Para o caipira tudo é esquisito
Foi o que disse Olavo de Carvalho, em um dos sulfurosos programas da série "True Outspeak".
Essa máxima permaneceu muito tempo guardada na minha memória, até que um dia os pontos se ligaram e a coisa começou a fazer sentido pra mim.
Tudo começou em meados de 2003 e 2004, há mais de 20 anos.
Com a minha família, nos mudamos para Três Lagoas, Mato Grosso do Sul.
Nessa época, eu estava na oitava série do Ensino Fundamental, e a minha mãe me matriculou no SESI. Logo no primeiro dia de aula, por uma razão que me escapa, acabei chegando atrasado.
Nesse dia, o sol torava excitado, e quando cheguei na frente da sala da oitava série A, por uma razão de natureza arquitetural, parte dela se encontrava exposta à luz assassina do sol. Era aula de inglês.
O professor era um gordão de presença retumbante, e com os olhos rútilos, desvelava os segredos do verbo "To Be".
Não querendo atrapalhá-lo, decidi me instalar discretamente na parte iluminada do recinto. Todos os olhos se deslocaram para a minha direção; mas em silêncio, permaneci no meu lugar fingindo naturalidade.
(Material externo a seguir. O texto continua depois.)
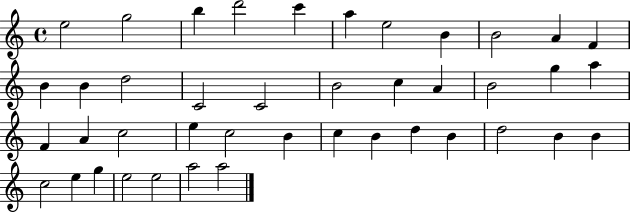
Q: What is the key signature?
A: C major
Os outros alunos estavam na porção coberta pela sombra, certamente com o objetivo de escapar do calor mefistotélico da cidade das águas. Mas eu permaneci ali, incólume, exposto à luz do sol, que realmente não me incomodava.
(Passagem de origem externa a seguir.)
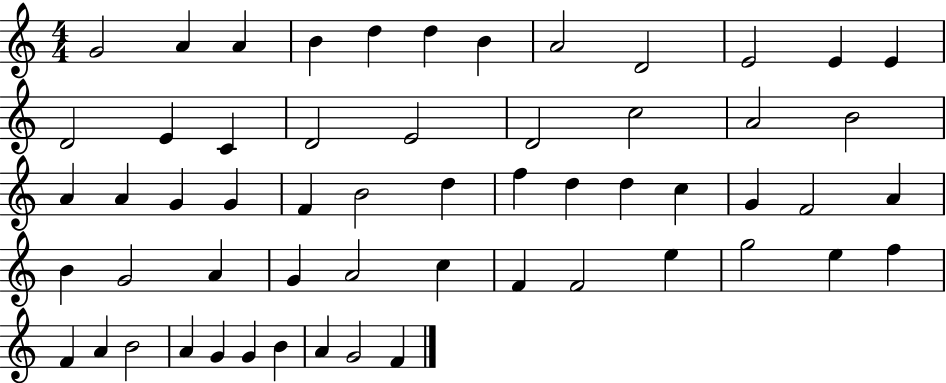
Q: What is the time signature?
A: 4/4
Vocês já devem ter percebido que aos 14 anos de idade, eu era púdico e extremamente tímido. Na hora do intervalo, permaneci sozinho e gozava da companhia inconsciente dos meus pensamentos. Eu só queria saber como evitar o contato com aquele pessoal sem parecer ridículo.
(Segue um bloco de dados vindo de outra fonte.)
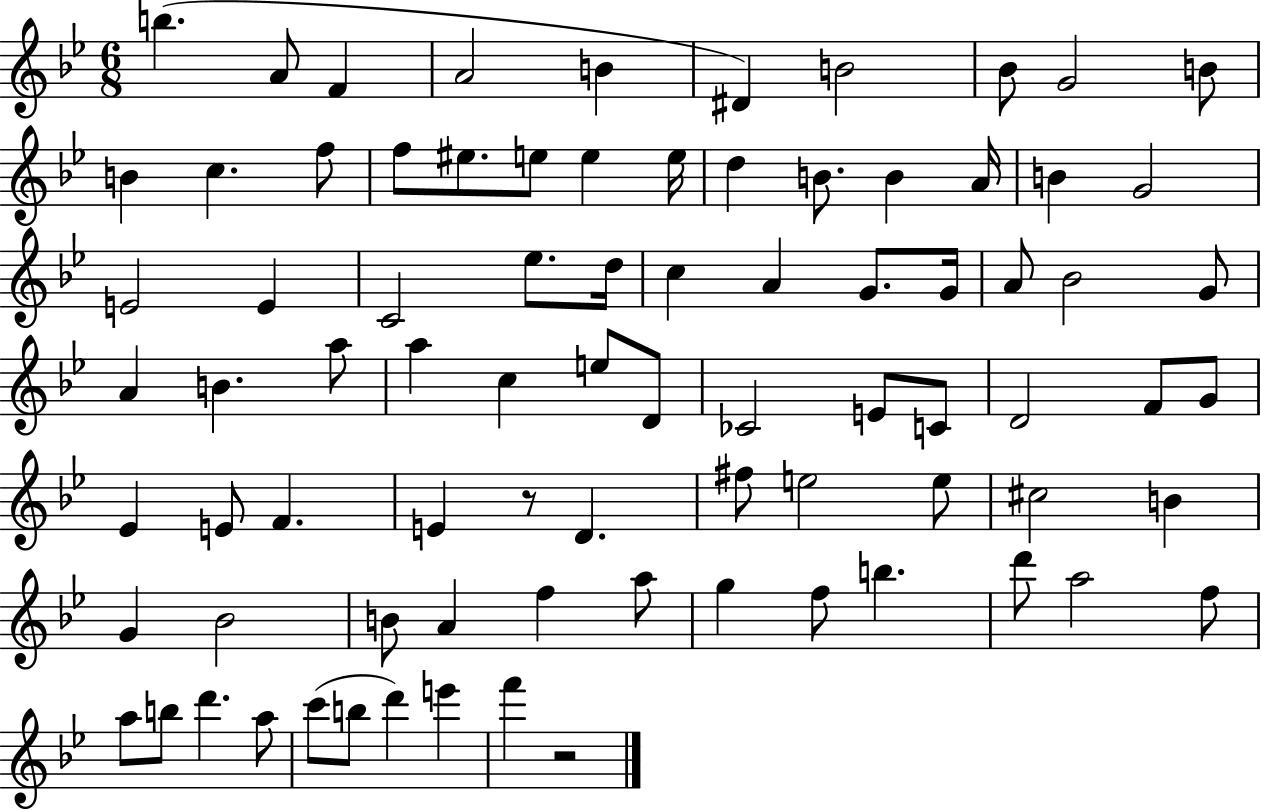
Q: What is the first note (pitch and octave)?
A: B5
Depois de um tempo, meus colegas começaram a voltar e dois deles vieram na minha direção.
Ambos olharam pra mim, e com os lábios trêmulos e os olhos vazando luz, como que possuídos pelo demônio, sentenciaram de maneira peremptória: "-Istranho! Istranho! Você é o istranho, o isquisito!"
Eu não poderia imaginar que esse veredicto fatal acompanharia toda a minha existência a partir de então.
"Estranho" era a alcunha pela qual as pessoas me chamariam dali por diante.
E eis que chegamos no ponto nevrálgico desta crônica.
Com o tempo, fui percebendo que não era apenas o fato de que permaneci no lado da sala iluminado pelo sol naquele dia fatal o que havia confrontado meus colegas -- toda a minha existência lhes perturbava e era motivo de escândalo.
Foi então que cheguei a esta conclusão fatal: existia um abismo intransmutável entre mim e o caipira.
Vivíamos na mesma cidade, passávamos boa parte do dia juntos como irmãozinhos. Mas algo de natureza metafísica nos separava.
Para mim, era normal imaginar que indivíduos oriundos de lugares diferentes se comportassem de maneira diferente, ao passo que tal pensamento não passava pela cabeça do caipira -- a presença do diferente tomava-o de assalto.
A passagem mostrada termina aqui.